(Beginning of EXTRACTED INFORMATION)

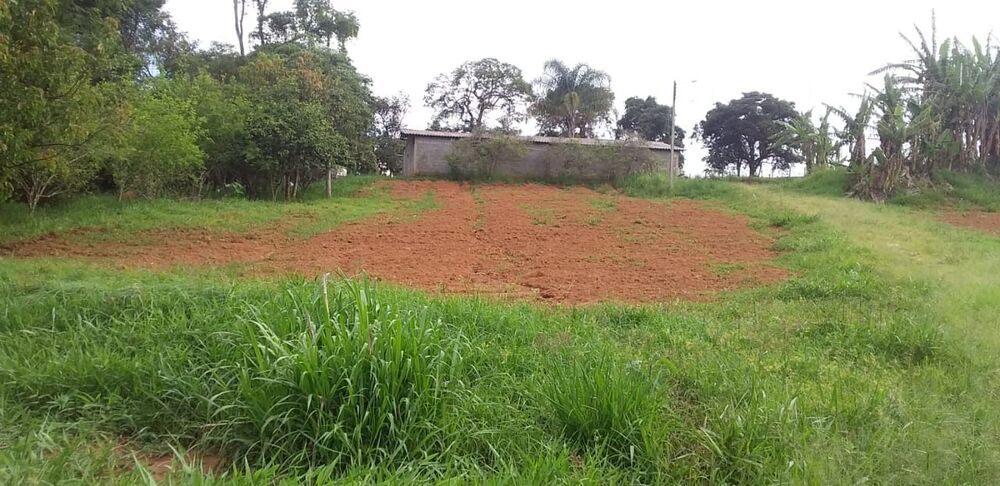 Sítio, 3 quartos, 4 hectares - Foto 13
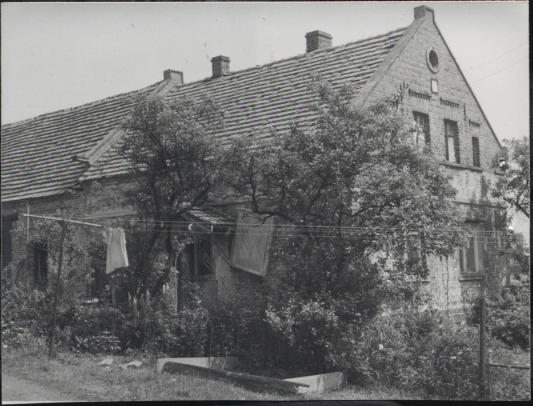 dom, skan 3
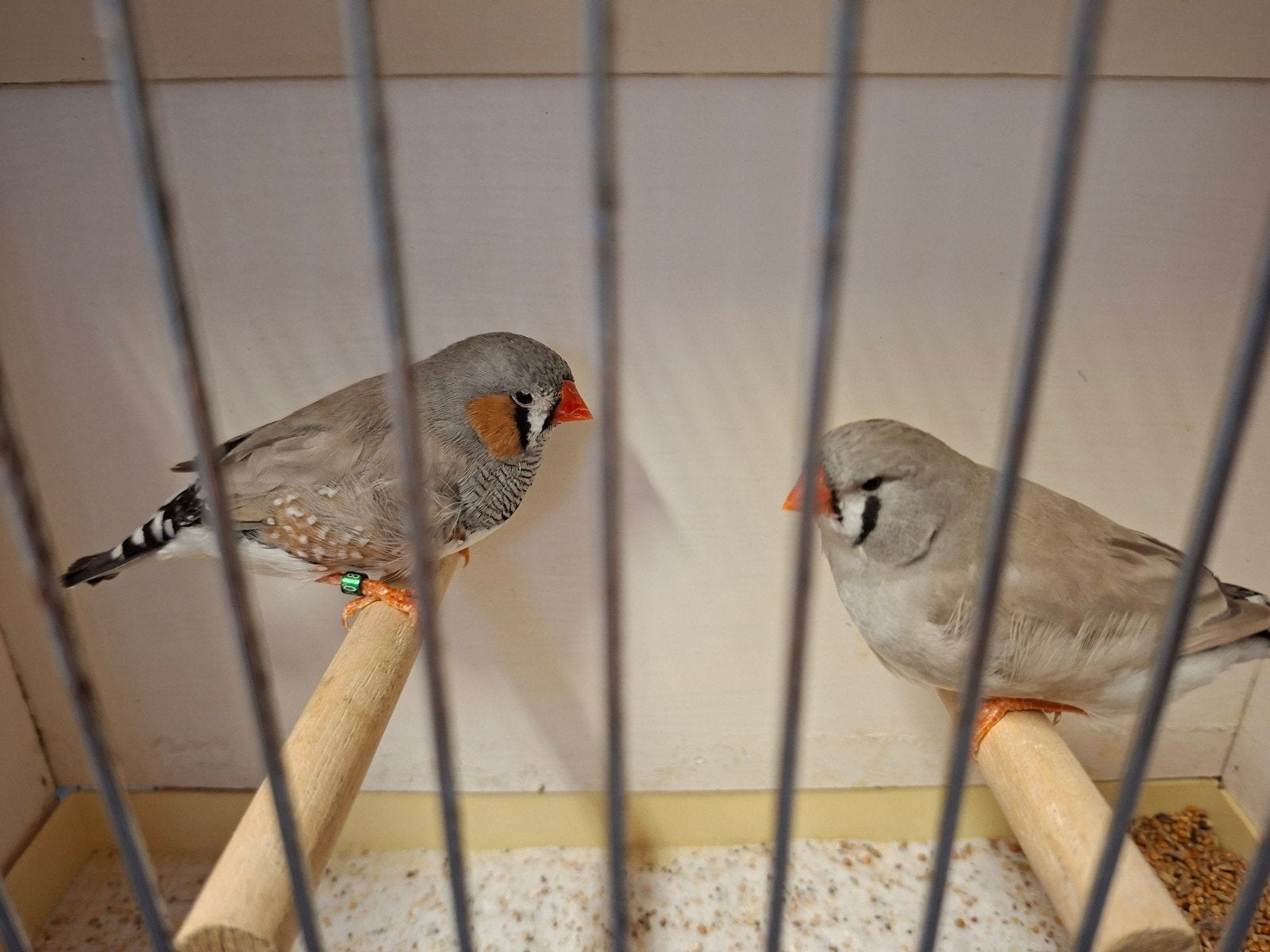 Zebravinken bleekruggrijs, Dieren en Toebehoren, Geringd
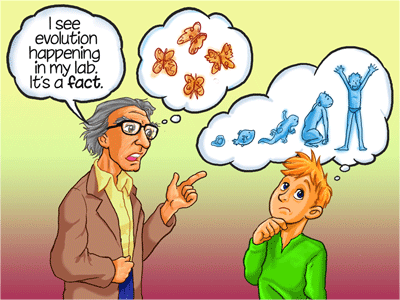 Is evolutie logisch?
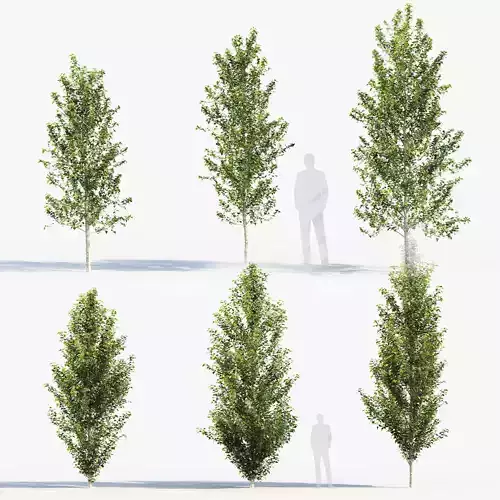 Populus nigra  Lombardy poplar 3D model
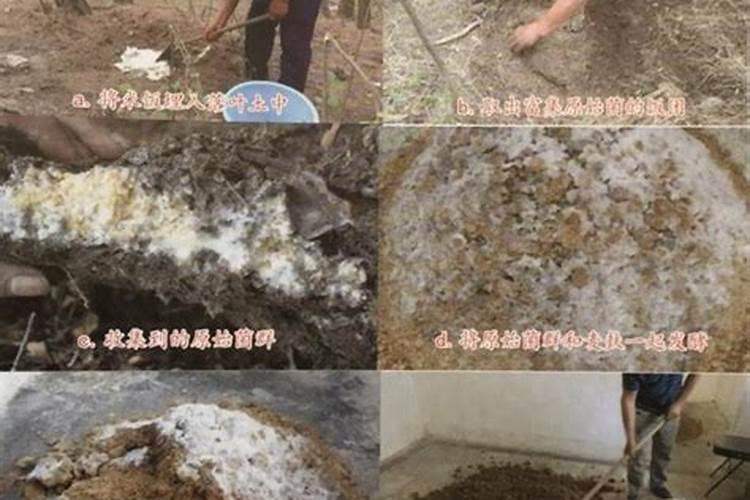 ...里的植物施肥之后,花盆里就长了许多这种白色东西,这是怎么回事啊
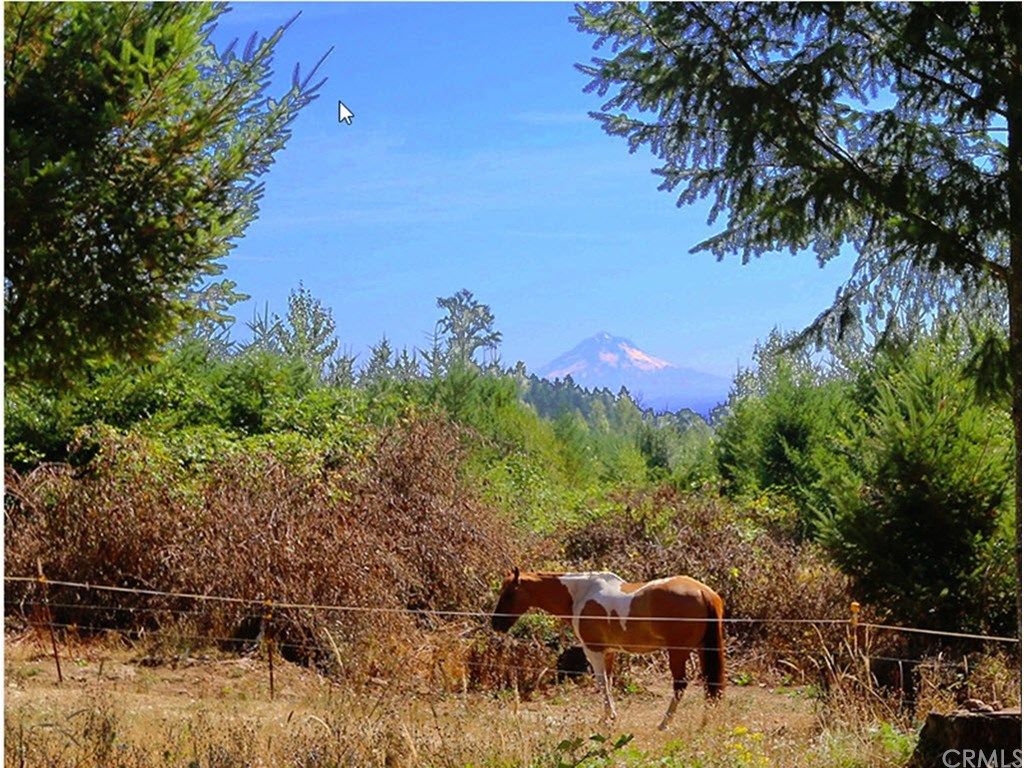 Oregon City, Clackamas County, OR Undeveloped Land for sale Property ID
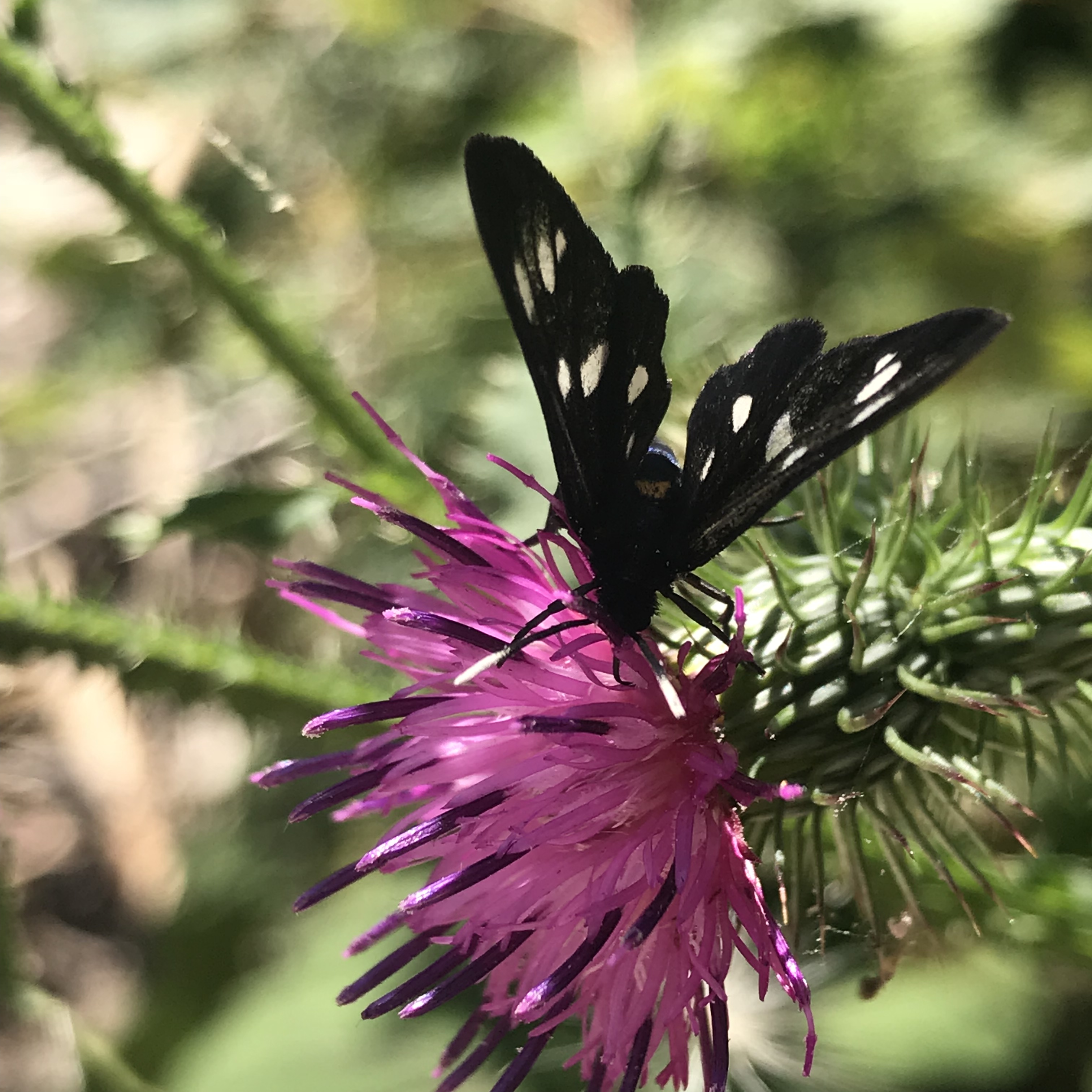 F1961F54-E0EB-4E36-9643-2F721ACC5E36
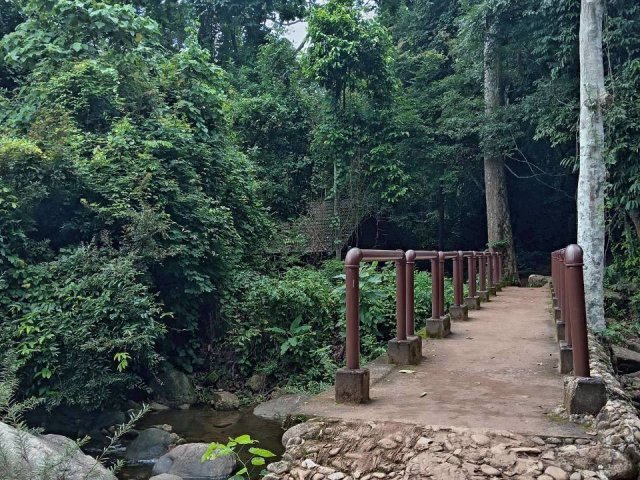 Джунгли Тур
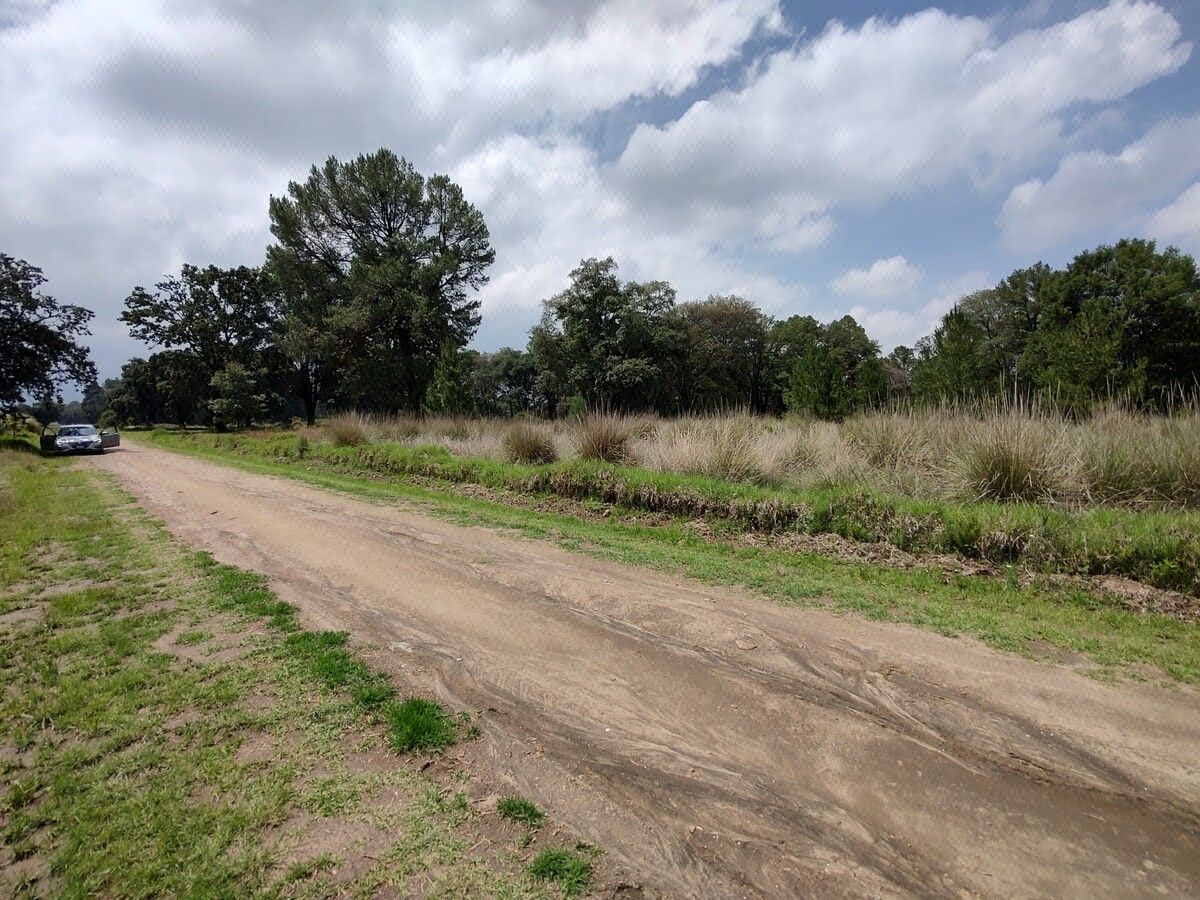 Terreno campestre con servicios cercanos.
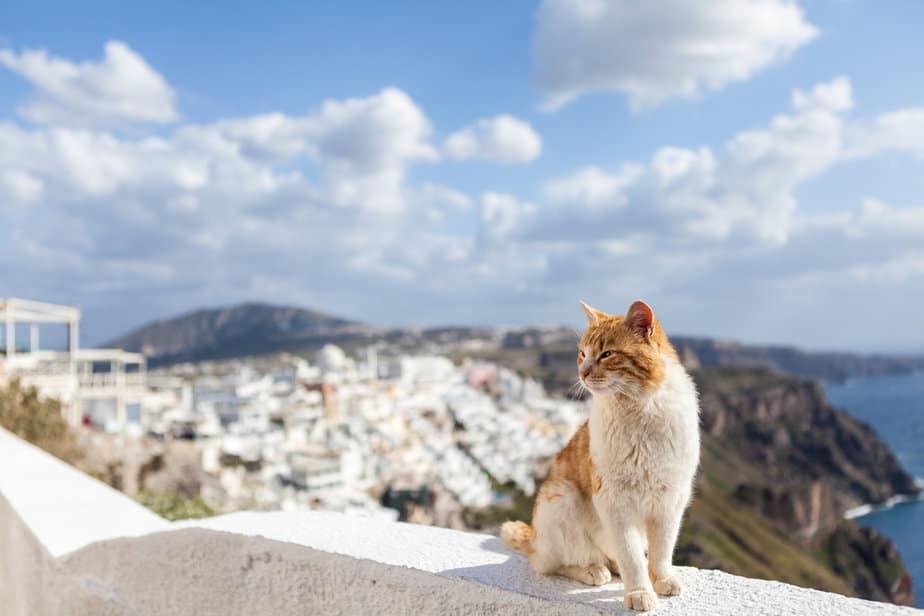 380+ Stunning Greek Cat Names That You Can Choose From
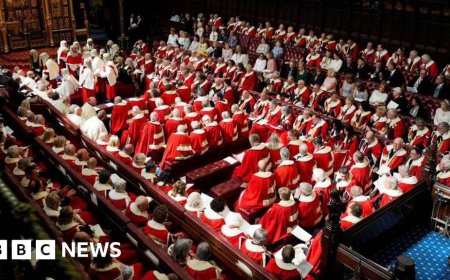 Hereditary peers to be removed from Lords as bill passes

(End of EXTRACTED INFORMATION)

▶ **EXERCISE INSTRUCTIONS**: Without including any pictures, output all the entries above exactly.

▶ **EXERCISE RESPONSE**:
 Sítio, 3 quartos, 4 hectares - Foto 13
 dom, skan 3
 Zebravinken bleekruggrijs, Dieren en Toebehoren, Geringd
 Is evolutie logisch?
 Populus nigra  Lombardy poplar 3D model
 ...里的植物施肥之后,花盆里就长了许多这种白色东西,这是怎么回事啊
 Oregon City, Clackamas County, OR Undeveloped Land for sale Property ID
 F1961F54-E0EB-4E36-9643-2F721ACC5E36
 Джунгли Тур
 Terreno campestre con servicios cercanos.
 380+ Stunning Greek Cat Names That You Can Choose From
 Hereditary peers to be removed from Lords as bill passes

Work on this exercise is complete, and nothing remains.